Bensmann: Wie haben fast alle gängigen Fundamental-Kennzahlen einzeln und isoliert auf ihre Performanceträchtigkeit softwaregesteuert historisch back-getestet, und haben festgestellt, dass nur wenige Kennzahlen ausgesprochene Performancebringer sind. Wir kombinieren dann diese historisch gut funktionierenden Kennzahlen – so erhöht man die Chancen, eine wirklich gute Aktie zu erwischen. Wir gehen also sehr wissenschaftlich vor und schließen das Bauchgefühl vollkommen aus. Wie schon oben erwähnt, kommt danach die qualitative Analyse des Geschäftsmodells. Was uns hier vor allem interessiert, ist: Macht dieses Unternehmen etwas „uniques“ [=einmaliges, Anm. d. Red.], oder hat sie gar ein „disruptives“ Geschäftsmodell, welches anderen Unternehmen die Geschäftsgrundlage entzieht.

Smart Investor: Allerdings muss das Unternehmen diese Fähigkeit doch bereits in der Vergangenheit unter Beweis gestellt haben?

Bensmann: In der Regel ja. Idealerweise sollte dieses Alleinstellungsmerkmal bereits durch ausgezeichnete Zahlen in der Vergangenheit unterlegt sein. Wenn ein Unternehmen mit sehr hohen Margen arbeitet, ist dies meist ein Zeichen dafür, dass es ziemlich viel richtig macht und meist wenig Konkurrenz zu befürchten hat – es hat den berühmten „Burggraben“, von dem Warren Buffett immer spricht. Bei all unseren Investments haben wir zudem eine klare Vorstellung davon, was diese Aktie im Fall einer Übernahme wert sein müsste. Wir kennen und berechnen den fairen Übernahmepreis auf „Heller und Pfennig“ und wollen im Regelfall zumindest eine moderate Unterbewertung vorliegen haben. „Deep Value“ interessiert uns nicht, denn das ist in der Regel mindere Qualität, um nicht zu sagen Schrott. Im Endeffekt lässt sich unser Investmentstil so beschreiben: Wir suchen Aktien mit höchster fundamentaler Qualität, die wir zu moderaten Preisen kaufen können.
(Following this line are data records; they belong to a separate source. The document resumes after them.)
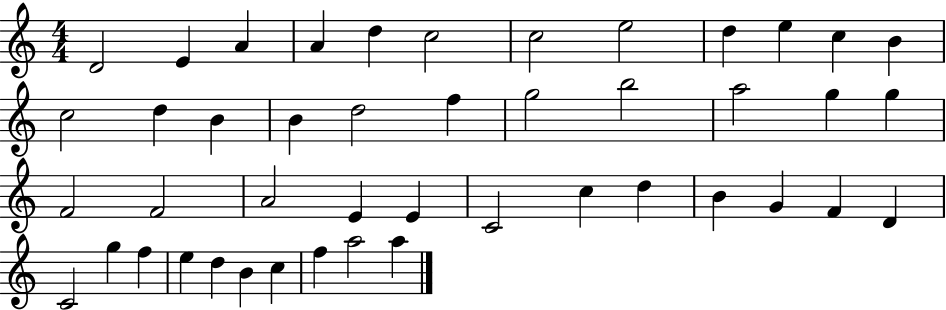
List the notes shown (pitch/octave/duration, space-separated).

D4/h E4/q A4/q A4/q D5/q C5/h C5/h E5/h D5/q E5/q C5/q B4/q C5/h D5/q B4/q B4/q D5/h F5/q G5/h B5/h A5/h G5/q G5/q F4/h F4/h A4/h E4/q E4/q C4/h C5/q D5/q B4/q G4/q F4/q D4/q C4/h G5/q F5/q E5/q D5/q B4/q C5/q F5/q A5/h A5/q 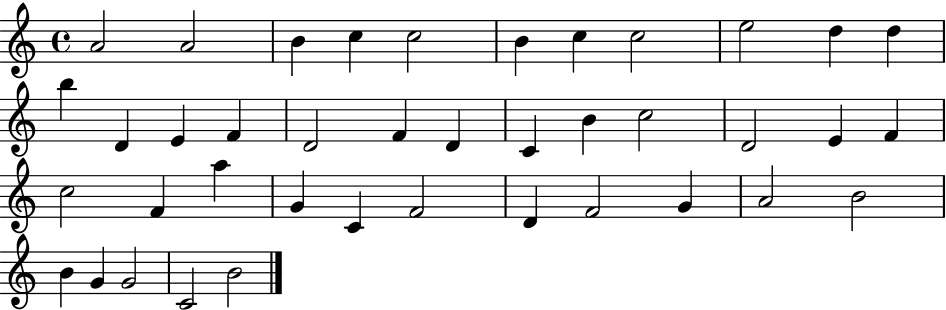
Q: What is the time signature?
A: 4/4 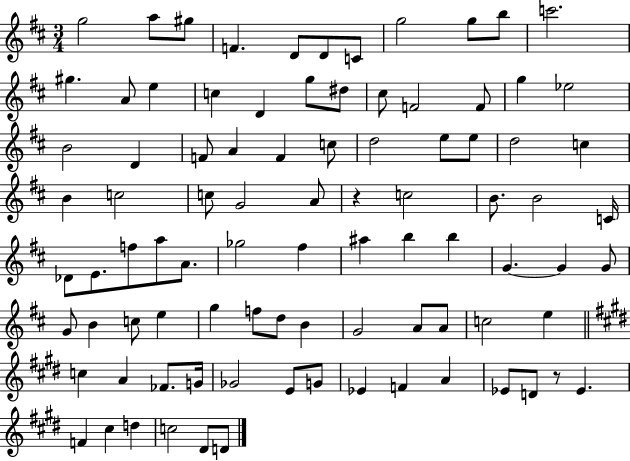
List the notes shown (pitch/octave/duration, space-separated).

G5/h A5/e G#5/e F4/q. D4/e D4/e C4/e G5/h G5/e B5/e C6/h. G#5/q. A4/e E5/q C5/q D4/q G5/e D#5/e C#5/e F4/h F4/e G5/q Eb5/h B4/h D4/q F4/e A4/q F4/q C5/e D5/h E5/e E5/e D5/h C5/q B4/q C5/h C5/e G4/h A4/e R/q C5/h B4/e. B4/h C4/s Db4/e E4/e. F5/e A5/e A4/e. Gb5/h F#5/q A#5/q B5/q B5/q G4/q. G4/q G4/e G4/e B4/q C5/e E5/q G5/q F5/e D5/e B4/q G4/h A4/e A4/e C5/h E5/q C5/q A4/q FES4/e. G4/s Gb4/h E4/e G4/e Eb4/q F4/q A4/q Eb4/e D4/e R/e Eb4/q. F4/q C#5/q D5/q C5/h D#4/e D4/e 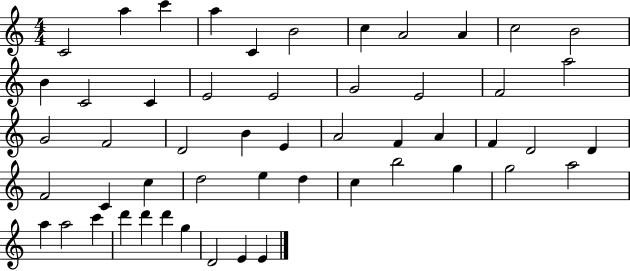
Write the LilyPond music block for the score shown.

{
  \clef treble
  \numericTimeSignature
  \time 4/4
  \key c \major
  c'2 a''4 c'''4 | a''4 c'4 b'2 | c''4 a'2 a'4 | c''2 b'2 | \break b'4 c'2 c'4 | e'2 e'2 | g'2 e'2 | f'2 a''2 | \break g'2 f'2 | d'2 b'4 e'4 | a'2 f'4 a'4 | f'4 d'2 d'4 | \break f'2 c'4 c''4 | d''2 e''4 d''4 | c''4 b''2 g''4 | g''2 a''2 | \break a''4 a''2 c'''4 | d'''4 d'''4 d'''4 g''4 | d'2 e'4 e'4 | \bar "|."
} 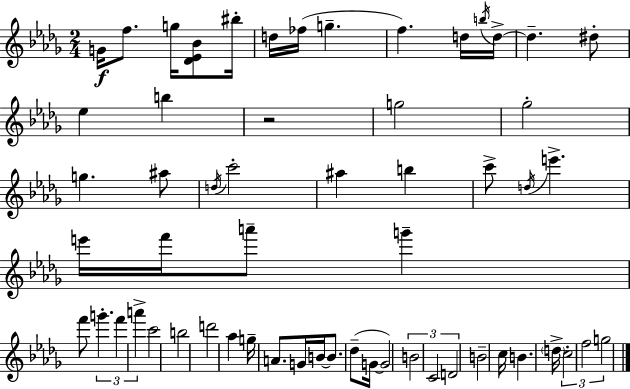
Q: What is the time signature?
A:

Smart Investor: Was die Qualität betrifft, dürften Sie bei GFT Technologies – einer Ihrer größten Positionen – sicherlich Recht haben. Aber kann man hier noch von einem moderaten Preis sprechen?

Bensmann: GFT ist augenblicklich tatsächlich überbewertet. Als wir die Aktie zu Kursen weit unter 10 EUR gekauft haben, notierte sie nach unserer Kalkulation allerdings mit einem Abschlag zum inneren Wert. Die Frage ist also: Sollte man eine Aktie bereits verkaufen, wenn sie überbewertet ist, oder sollte man Gewinne weiter laufen lassen? Wir verfolgen letzteren Ansatz, auch wenn bereits eine gewisse Überbewertung vorliegt. Der Ausstieg könnte dann bei von der Norm abweichenden technischen Rücksetzern erfolgen. Neu kaufen würden wir einen solchen überbewerteten Titel auf keinen Fall. Vom Geschäftsmodell her hat GFT aber tatsächlich etwas „Disruptives“: Die IT-Infrastruktur der Banken ist überwiegend veraltet und entspricht in vielen Fällen nicht den heutigen Anforderungen. Gleichzeitig haben viele Banken nicht die finanziellen Mittel, um mit eigener Technik und eigenem Personal den Rückstand aufzuholen. GFT schließt mit seinen Services exakt diese Lücke.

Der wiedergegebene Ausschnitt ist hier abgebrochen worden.